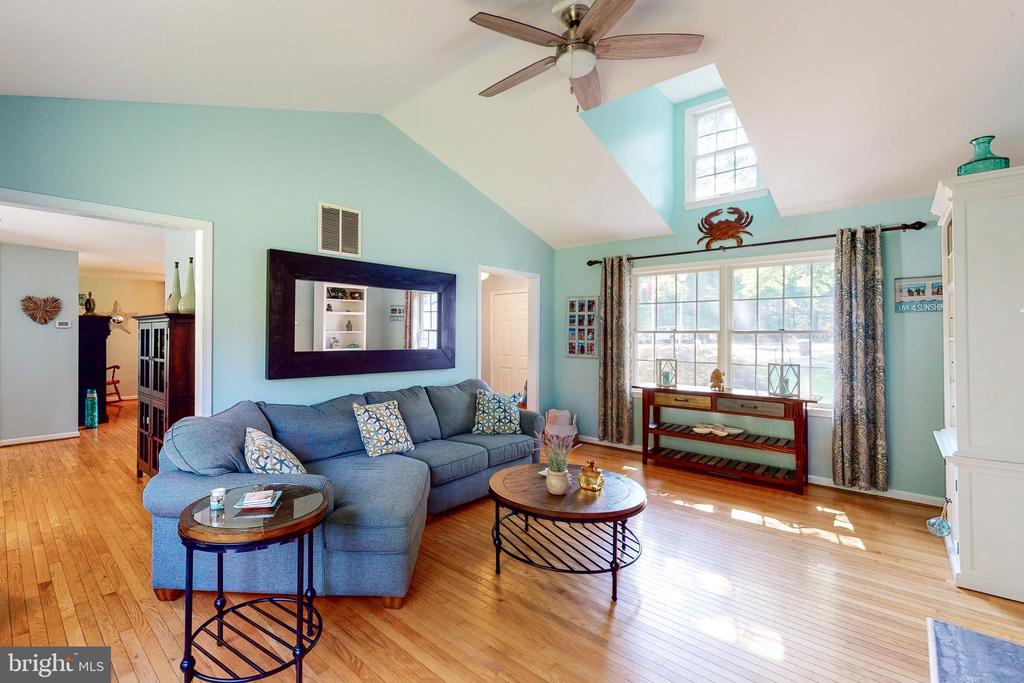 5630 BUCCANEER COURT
--
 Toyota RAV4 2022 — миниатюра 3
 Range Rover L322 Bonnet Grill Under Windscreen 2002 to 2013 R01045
--
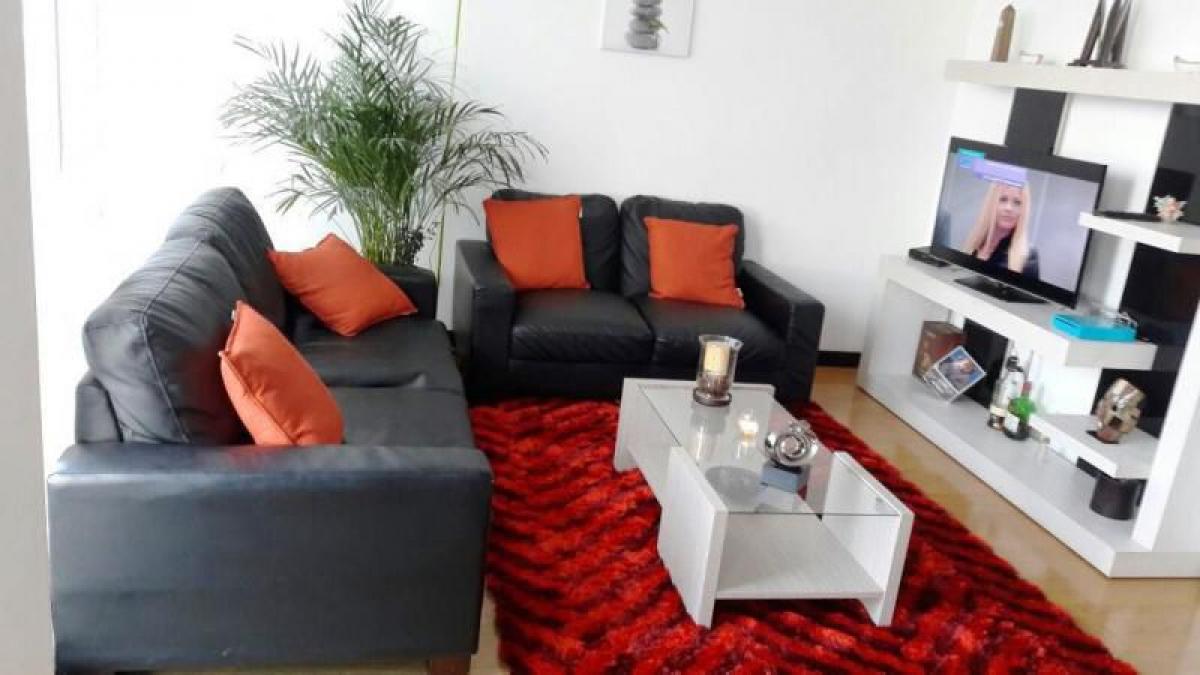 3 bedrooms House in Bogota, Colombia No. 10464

* [Problem statement]:
When you reach the line holding "Toyota RAV4 2022 — миниатюра 3" in the records above, begin reproducing exactly, stop after the line holding "Range Rover L322", and output nothing else.

* [Exercise answer]:
 Toyota RAV4 2022 — миниатюра 3
 Range Rover L322 Bonnet Grill Under Windscreen 2002 to 2013 R01045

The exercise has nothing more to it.